Task:
Repeat the records below line by line, exactly, finishing on the line that contains "Чайник Brayer 1071BR,STRIX,2200Вт, 1,7".

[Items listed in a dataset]
_ _ _ _ _ _ _
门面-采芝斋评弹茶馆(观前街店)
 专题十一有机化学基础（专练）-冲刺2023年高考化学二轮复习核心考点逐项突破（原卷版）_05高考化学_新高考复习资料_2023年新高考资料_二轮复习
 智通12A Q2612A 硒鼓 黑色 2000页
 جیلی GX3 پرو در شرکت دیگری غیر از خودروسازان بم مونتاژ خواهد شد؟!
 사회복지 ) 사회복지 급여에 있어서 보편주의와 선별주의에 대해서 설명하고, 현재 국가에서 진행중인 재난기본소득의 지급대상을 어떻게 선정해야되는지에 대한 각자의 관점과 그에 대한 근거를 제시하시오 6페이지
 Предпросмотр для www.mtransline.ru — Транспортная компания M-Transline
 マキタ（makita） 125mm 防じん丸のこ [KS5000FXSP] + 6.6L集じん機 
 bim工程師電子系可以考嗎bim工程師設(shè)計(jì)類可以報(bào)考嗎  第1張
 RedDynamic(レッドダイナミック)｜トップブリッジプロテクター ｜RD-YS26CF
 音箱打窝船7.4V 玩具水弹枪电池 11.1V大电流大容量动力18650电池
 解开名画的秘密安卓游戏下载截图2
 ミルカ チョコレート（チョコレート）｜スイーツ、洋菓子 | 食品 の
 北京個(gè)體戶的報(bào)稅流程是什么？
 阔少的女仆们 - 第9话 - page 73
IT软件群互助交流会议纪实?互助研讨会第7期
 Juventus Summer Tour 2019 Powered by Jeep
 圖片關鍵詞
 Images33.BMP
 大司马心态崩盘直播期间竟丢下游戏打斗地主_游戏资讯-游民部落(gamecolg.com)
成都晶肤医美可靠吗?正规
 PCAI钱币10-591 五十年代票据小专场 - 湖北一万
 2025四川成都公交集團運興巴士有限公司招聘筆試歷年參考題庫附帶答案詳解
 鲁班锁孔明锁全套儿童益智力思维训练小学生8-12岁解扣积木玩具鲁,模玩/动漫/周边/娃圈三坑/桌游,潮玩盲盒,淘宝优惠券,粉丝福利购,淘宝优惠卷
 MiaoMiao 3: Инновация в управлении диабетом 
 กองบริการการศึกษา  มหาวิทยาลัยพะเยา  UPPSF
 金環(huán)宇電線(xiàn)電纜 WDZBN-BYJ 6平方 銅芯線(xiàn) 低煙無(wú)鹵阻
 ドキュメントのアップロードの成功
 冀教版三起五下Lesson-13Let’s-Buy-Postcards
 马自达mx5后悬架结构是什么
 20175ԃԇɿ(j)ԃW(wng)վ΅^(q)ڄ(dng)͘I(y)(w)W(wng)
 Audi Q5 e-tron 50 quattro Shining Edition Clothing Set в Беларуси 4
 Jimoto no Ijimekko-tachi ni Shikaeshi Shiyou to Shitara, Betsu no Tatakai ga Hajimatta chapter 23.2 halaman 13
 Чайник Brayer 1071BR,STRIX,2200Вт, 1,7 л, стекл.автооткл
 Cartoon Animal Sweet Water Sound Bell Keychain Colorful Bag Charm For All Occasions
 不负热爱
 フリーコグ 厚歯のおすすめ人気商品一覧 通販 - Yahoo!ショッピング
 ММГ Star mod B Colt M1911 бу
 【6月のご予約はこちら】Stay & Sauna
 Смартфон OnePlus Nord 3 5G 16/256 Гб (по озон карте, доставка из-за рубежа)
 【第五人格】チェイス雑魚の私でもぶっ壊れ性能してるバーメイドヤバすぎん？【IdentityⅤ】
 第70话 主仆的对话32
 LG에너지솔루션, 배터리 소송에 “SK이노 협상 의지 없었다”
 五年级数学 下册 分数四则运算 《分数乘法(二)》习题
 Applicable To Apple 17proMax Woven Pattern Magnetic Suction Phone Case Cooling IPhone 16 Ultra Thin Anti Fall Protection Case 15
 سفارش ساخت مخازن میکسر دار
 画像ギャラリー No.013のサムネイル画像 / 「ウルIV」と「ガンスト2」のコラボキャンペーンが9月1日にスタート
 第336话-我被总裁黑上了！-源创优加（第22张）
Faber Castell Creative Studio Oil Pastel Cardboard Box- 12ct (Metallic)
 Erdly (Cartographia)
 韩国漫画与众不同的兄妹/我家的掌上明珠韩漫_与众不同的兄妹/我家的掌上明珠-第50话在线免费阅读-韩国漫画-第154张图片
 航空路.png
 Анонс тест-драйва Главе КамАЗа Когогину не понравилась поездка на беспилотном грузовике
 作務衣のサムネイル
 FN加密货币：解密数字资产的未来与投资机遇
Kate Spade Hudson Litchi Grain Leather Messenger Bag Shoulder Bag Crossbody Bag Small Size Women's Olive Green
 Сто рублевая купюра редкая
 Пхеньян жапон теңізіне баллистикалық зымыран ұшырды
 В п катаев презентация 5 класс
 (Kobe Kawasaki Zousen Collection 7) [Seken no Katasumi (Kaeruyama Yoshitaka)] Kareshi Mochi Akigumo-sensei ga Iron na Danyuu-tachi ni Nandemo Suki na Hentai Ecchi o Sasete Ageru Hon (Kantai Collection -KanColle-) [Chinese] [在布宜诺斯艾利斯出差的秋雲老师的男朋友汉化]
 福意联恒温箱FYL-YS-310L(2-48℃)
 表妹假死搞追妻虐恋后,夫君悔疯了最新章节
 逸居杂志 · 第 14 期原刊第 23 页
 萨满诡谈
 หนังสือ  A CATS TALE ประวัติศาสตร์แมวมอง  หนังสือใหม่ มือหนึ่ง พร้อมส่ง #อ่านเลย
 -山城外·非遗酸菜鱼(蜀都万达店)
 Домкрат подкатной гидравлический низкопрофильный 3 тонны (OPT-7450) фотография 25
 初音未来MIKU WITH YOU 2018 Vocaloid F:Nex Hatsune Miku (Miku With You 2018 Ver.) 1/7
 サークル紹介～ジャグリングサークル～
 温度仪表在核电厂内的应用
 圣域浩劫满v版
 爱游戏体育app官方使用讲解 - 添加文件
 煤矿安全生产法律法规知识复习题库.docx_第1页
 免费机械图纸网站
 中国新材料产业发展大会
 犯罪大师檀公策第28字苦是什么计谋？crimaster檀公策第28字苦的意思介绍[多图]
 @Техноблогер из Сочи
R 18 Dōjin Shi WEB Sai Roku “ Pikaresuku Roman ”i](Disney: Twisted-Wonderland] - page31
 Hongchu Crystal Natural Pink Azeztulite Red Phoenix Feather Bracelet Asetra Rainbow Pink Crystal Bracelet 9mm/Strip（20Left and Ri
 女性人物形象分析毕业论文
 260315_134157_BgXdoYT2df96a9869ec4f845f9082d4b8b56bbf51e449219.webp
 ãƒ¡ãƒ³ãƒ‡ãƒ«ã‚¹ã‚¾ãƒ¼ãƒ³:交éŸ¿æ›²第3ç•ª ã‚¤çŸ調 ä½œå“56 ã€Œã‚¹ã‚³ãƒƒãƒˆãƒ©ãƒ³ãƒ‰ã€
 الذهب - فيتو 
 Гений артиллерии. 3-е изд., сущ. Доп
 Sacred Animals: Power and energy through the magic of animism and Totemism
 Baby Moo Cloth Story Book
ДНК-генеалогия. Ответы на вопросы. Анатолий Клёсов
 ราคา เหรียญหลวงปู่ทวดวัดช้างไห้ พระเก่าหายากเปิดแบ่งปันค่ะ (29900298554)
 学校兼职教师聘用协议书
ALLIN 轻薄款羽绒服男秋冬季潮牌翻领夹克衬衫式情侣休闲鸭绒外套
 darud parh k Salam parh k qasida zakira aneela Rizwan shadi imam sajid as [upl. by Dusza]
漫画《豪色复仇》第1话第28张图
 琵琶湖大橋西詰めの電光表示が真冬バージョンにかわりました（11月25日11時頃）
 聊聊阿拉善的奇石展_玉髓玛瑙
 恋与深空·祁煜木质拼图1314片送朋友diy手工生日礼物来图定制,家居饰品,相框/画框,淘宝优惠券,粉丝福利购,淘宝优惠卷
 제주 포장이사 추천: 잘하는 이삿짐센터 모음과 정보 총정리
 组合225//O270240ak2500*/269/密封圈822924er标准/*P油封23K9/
_ _ _ _ _ _ _
Task result:
门面-采芝斋评弹茶馆(观前街店)
 专题十一有机化学基础（专练）-冲刺2023年高考化学二轮复习核心考点逐项突破（原卷版）_05高考化学_新高考复习资料_2023年新高考资料_二轮复习
 智通12A Q2612A 硒鼓 黑色 2000页
 جیلی GX3 پرو در شرکت دیگری غیر از خودروسازان بم مونتاژ خواهد شد؟!
 사회복지 ) 사회복지 급여에 있어서 보편주의와 선별주의에 대해서 설명하고, 현재 국가에서 진행중인 재난기본소득의 지급대상을 어떻게 선정해야되는지에 대한 각자의 관점과 그에 대한 근거를 제시하시오 6페이지
 Предпросмотр для www.mtransline.ru — Транспортная компания M-Transline
 マキタ（makita） 125mm 防じん丸のこ [KS5000FXSP] + 6.6L集じん機 
 bim工程師電子系可以考嗎bim工程師設(shè)計(jì)類可以報(bào)考嗎  第1張
 RedDynamic(レッドダイナミック)｜トップブリッジプロテクター ｜RD-YS26CF
 音箱打窝船7.4V 玩具水弹枪电池 11.1V大电流大容量动力18650电池
 解开名画的秘密安卓游戏下载截图2
 ミルカ チョコレート（チョコレート）｜スイーツ、洋菓子 | 食品 の
 北京個(gè)體戶的報(bào)稅流程是什么？
 阔少的女仆们 - 第9话 - page 73
IT软件群互助交流会议纪实?互助研讨会第7期
 Juventus Summer Tour 2019 Powered by Jeep
 圖片關鍵詞
 Images33.BMP
 大司马心态崩盘直播期间竟丢下游戏打斗地主_游戏资讯-游民部落(gamecolg.com)
成都晶肤医美可靠吗?正规
 PCAI钱币10-591 五十年代票据小专场 - 湖北一万
 2025四川成都公交集團運興巴士有限公司招聘筆試歷年參考題庫附帶答案詳解
 鲁班锁孔明锁全套儿童益智力思维训练小学生8-12岁解扣积木玩具鲁,模玩/动漫/周边/娃圈三坑/桌游,潮玩盲盒,淘宝优惠券,粉丝福利购,淘宝优惠卷
 MiaoMiao 3: Инновация в управлении диабетом 
 กองบริการการศึกษา  มหาวิทยาลัยพะเยา  UPPSF
 金環(huán)宇電線(xiàn)電纜 WDZBN-BYJ 6平方 銅芯線(xiàn) 低煙無(wú)鹵阻
 ドキュメントのアップロードの成功
 冀教版三起五下Lesson-13Let’s-Buy-Postcards
 马自达mx5后悬架结构是什么
 20175ԃԇɿ(j)ԃW(wng)վ΅^(q)ڄ(dng)͘I(y)(w)W(wng)
 Audi Q5 e-tron 50 quattro Shining Edition Clothing Set в Беларуси 4
 Jimoto no Ijimekko-tachi ni Shikaeshi Shiyou to Shitara, Betsu no Tatakai ga Hajimatta chapter 23.2 halaman 13
 Чайник Brayer 1071BR,STRIX,2200Вт, 1,7 л, стекл.автооткл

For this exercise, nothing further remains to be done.